Martin Margiela was born in 1957, in Genk, Belgium. He studied fashion at the renowned Royal Academy of Fine Arts Antwerp during the years 1977 to 1980, an institution with notable alumni including Dries Van Noten, Ann Demeuelemeester, among many others. His taste in fashion was always out of the ordinary, unconventional, and strayed from tradition. In 1985, Margiela landed a job as design assistant to Jean Paul Gaultier in Paris, up until 1987. From his tremendous experience gained at school and work, he created his own fashion house, Maison Martin Margiela in 1988 alongside his business partner Jenny Meirens.
As his career began to flourish, Margiela made it clear that he was never an admirer of the media. He refused to be photographed, greet guests backstage, or even take part in interviews. Interestingly, some of the interviews he took part in were conducted via fax and later email. During such interviews, he responded to answers using “we” rather than “I” pronouns. Some even rumoured that Margiela sat in the audience of his own shows in a disguise. He rejected the idea of fame. He made it clear from the beginning that he wanted the clothing to speak for itself, after all, that is the purpose of a fashion show. At the 2018 Belgian Fashion Awards, in which he was to be honoured for his career, he issued the following statement: “I felt that I could not cope any more with the worldwide increasing pressure and the overgrowing demands of trade. I also regretted the overdose of information carried by social media, destroying the ‘thrill of wait’ and cancelling every effect of surprise, so fundamental for me.” Margiela felt as though social media took away the excitement and adrenaline that new collections would bring in the fashion realm. He took his unconventional yet extraordinary ideas even further, by hosting fashion shows in mysterious and remote locations. He followed the less-traditional route, with some venues being a warehouse, the metro, kids playground, among many others.
Margiela’s most notable shows include:
Maison Martin Margiela Spring/Summer 1993
A combination between minimalism and romantic Victorian accents, this show was filled with petticoat-style skirts and pieces of greenery tied to models like a necklace. Margiela created two versions of the collection, one in black and one in white, both which took place on opposite ends of the Montmartre Cemetery in Paris. Guests were given colour coded invitations that were in either black or white, and if you showed up to the wrong show, you were denied access.
Maison Martin Margiela Fall 1995
The face masks and pop of colour, were among the highlights of the night. The show was held in a big top tent in the Bois de Boulogne in Paris, with rose-tinted lighting and sawdust sprinkled on the floor.
Maison Margiela Fall 2000
For this show, Margiela revitalized the idea of oversized clothing. Each piece was designed to be enlarged by 150-200 percent, and carefully crafted to shape the silhouettes of models. Exaggerated shoulders and an elegant sculptural look were fundamental to the show. It was set in an abandoned train surrounded with eerie music, being named one of Margiela’s most iconic atmospheres.

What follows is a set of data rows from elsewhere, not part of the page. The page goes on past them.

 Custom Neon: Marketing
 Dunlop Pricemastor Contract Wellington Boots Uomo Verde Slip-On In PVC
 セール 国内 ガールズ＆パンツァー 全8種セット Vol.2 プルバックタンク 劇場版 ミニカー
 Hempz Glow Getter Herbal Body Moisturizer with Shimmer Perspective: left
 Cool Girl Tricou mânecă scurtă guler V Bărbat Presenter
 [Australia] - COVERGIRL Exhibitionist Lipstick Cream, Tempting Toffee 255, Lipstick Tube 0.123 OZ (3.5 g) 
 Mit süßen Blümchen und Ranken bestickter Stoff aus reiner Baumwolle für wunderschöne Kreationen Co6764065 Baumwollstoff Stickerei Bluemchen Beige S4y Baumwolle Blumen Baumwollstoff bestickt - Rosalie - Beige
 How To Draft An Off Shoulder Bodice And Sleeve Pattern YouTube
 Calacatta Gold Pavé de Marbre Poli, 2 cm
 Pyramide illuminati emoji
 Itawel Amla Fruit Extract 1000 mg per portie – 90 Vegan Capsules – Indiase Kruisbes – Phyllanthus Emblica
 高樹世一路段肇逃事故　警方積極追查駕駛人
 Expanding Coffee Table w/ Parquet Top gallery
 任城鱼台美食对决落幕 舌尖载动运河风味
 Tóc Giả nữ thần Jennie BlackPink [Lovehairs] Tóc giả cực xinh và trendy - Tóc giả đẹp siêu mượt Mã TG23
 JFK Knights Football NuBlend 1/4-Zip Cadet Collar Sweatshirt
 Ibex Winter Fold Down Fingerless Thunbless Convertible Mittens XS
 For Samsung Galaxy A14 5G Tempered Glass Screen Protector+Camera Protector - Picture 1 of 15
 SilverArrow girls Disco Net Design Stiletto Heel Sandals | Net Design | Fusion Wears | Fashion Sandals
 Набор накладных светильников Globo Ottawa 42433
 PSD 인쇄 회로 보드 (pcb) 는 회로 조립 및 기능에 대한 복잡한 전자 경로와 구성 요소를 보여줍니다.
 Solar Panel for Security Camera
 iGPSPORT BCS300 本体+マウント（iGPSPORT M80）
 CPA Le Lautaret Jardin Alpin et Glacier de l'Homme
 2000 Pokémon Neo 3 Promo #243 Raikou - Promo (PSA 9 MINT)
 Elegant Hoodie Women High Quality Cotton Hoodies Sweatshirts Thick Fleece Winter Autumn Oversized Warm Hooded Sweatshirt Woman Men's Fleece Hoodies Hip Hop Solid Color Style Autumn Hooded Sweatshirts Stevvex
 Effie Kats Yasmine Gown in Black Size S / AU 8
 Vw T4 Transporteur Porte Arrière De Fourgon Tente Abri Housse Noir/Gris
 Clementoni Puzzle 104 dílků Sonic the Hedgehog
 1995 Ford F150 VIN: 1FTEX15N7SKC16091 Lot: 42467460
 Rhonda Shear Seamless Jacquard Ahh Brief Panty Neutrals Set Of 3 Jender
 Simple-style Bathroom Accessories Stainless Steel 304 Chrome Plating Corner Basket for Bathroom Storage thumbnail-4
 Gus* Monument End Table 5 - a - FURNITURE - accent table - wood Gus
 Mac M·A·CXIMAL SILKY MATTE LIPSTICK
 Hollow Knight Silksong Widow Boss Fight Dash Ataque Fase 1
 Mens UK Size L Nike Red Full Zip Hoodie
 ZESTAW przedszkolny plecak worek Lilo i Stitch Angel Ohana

Margiela always had a drive for creating clothing using a more sustainable approach. This included methods such as re-using and altering garments and materials from previous shows, or creating something new from vintage pieces. His clothing was also often classified as ‘deconstructed’ through the open stitched seams that were made visible, tears and rips, all to represent and beautify imperfections. Margiela enjoyed taking things apart and creating something unique and beautiful out of them. He seeked inspiration from furniture, construction sights, and anything from his surrounding environment.
Margiela was definitely an inspiration to many and his retirement from the fashion industry was nothing short of devastating. However, with his new documentary, “Martin Margiela: In His Own Words,” we are given a glimpse into Margiela’s original sketches, the history behind his unique fashion shows, and the impact he left on the fashion industry, all while remaining hidden from the camera. While this documentary allowed us to see more of the creative genius himself, it left us with one question, is Martin Margiela coming back to the fashion industry. The director of the film, Reiner Holzemer asked Margiela a simple question, “Have you said everything you wanted to say in fashion?”, to which Margiela responded “No.” While this does not mean he may come back with new fashion designs, who knows, all we can do is sit back, wait, and admire his previous creations.